1. Introduction
Dans cet épisode, Michel Onfray propose une définition du libertin baroque, en synthétisant trois années de travail sur cette figure philosophique. Il retrace les influences historiques et philosophiques qui ont nourri cette pensée et explore comment les libertins ont ouvert la voie aux Lumières.
2. Les racines philosophiques du libertinage
L’héritage antique : matérialisme et scepticisme
Le libertinage baroque puise ses origines dans la philosophie antique, notamment chez les matérialistes abdéritains comme Démocrite et Leucippe, les cyniques, les sceptiques et les épicuriens. Ces courants, opposés à la pensée idéaliste et dualiste dominante, sont réactivés au XVIIe siècle pour proposer une alternative au christianisme et à l’absolutisme monarchique.
Le christianisme épicurien : un pont entre foi et raison
Certains penseurs de la Renaissance, tels que Lorenzo Valla, Érasme et Montaigne, démontrent qu’il est possible de concilier christianisme et épicurisme. Cette tentative de rénover la théologie prépare l’émergence des libertins baroques, qui cherchent à maintenir une distance critique entre foi et philosophie.

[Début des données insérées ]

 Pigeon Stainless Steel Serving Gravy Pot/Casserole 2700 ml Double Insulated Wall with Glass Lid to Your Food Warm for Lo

3. Définition et caractéristiques du libertin baroque
Un travail dialectique en direction des Lumières
Onfray insiste sur le fait que les libertins ne sont pas simplement des figures hédonistes ou des sceptiques irrévérencieux. Ils effectuent un travail dialectique qui préfigure les Lumières. Leur pensée oscille entre critique du dogmatisme religieux, réhabilitation du plaisir et usage méthodique du doute.

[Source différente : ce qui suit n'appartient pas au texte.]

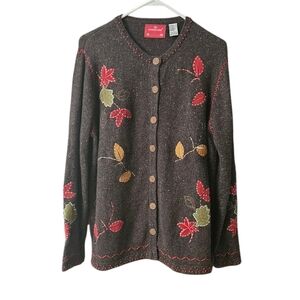 Holiday Lodge by Northcrest Women's Embroidered Cardigan 1X Leaves Fall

Un scepticisme méthodique et une raison prudente
Les libertins baroques adoptent une méthode sceptique héritée de Pyrrhon et de Sextus Empiricus. Toutefois, contrairement à un scepticisme radical qui suspend tout jugement, leur doute est pragmatique et leur permet d’évaluer la validité des croyances et des institutions.
Une morale immanente et matérialiste
Le libertin baroque rejette les dogmes religieux et propose une éthique fondée sur l’immanence. La vertu ne se mesure pas à une récompense divine dans l’au-delà, mais à son impact immédiat dans le monde. Il prône une morale qui se base sur la nature et l’expérience humaine, plutôt que sur des lois transcendantales.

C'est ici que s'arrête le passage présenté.